TO DO: Images should be omitted while the rest of the data is duplicated exactly.

COLLECTED DATA:

- Opening Delimiter -

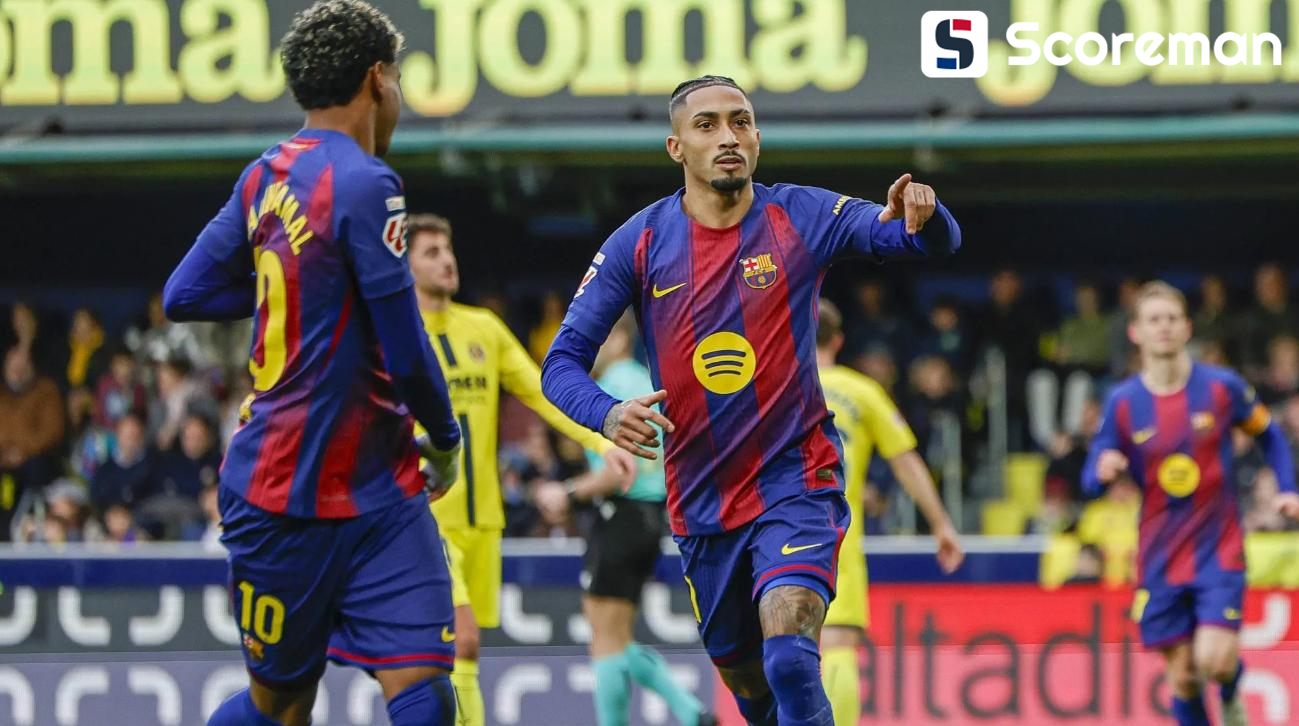 바르셀로나, 6연승 중이던 비야레알 2-0 격파! 2025년 선두로 마무리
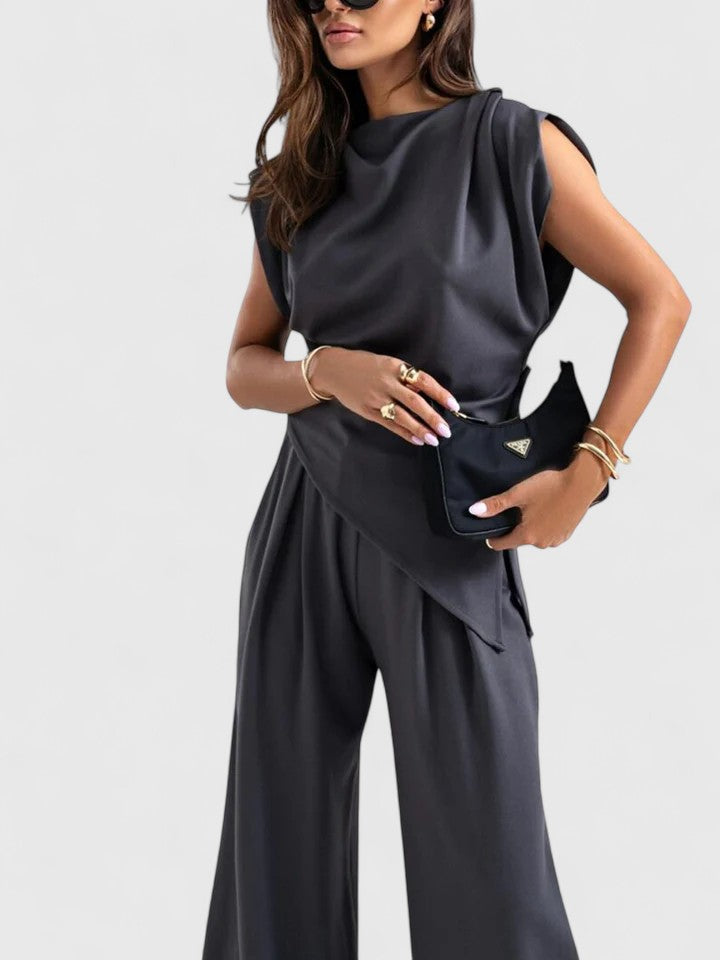 Jumpsuit dames | Elegante jumpsuit met wijde pijpen en plooidetail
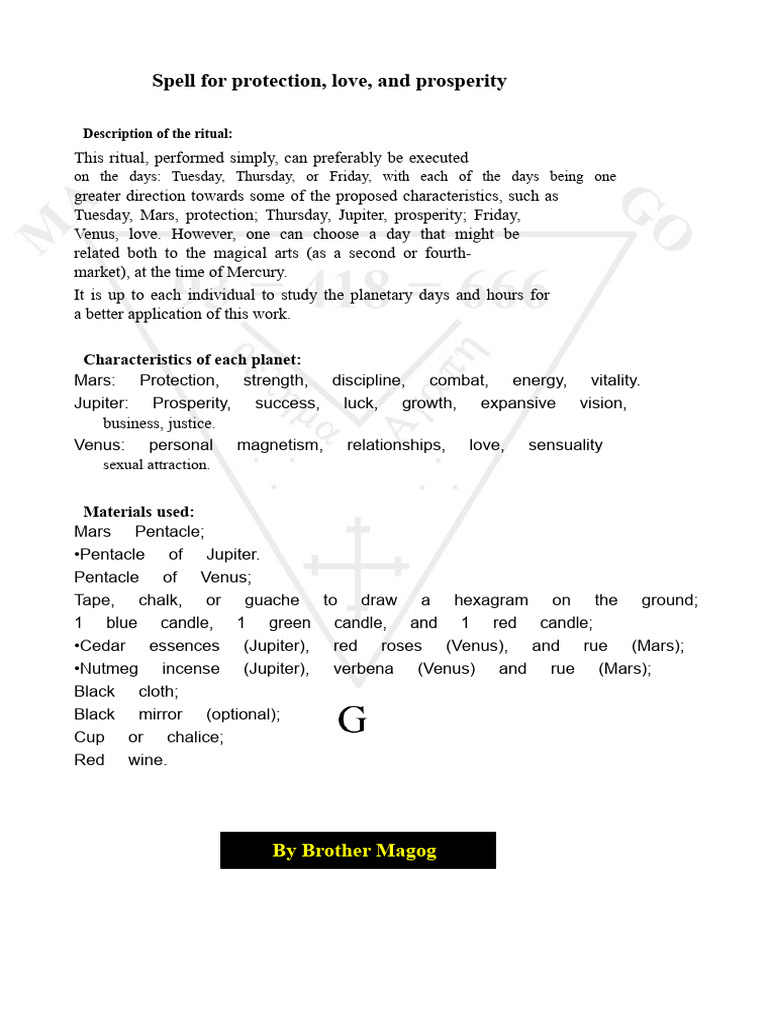 Ritual for Love, Protection, Prosperity | PDF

- Closing Delimiter -

RESPONSE:
 바르셀로나, 6연승 중이던 비야레알 2-0 격파! 2025년 선두로 마무리
 Jumpsuit dames | Elegante jumpsuit met wijde pijpen en plooidetail
 Ritual for Love, Protection, Prosperity | PDF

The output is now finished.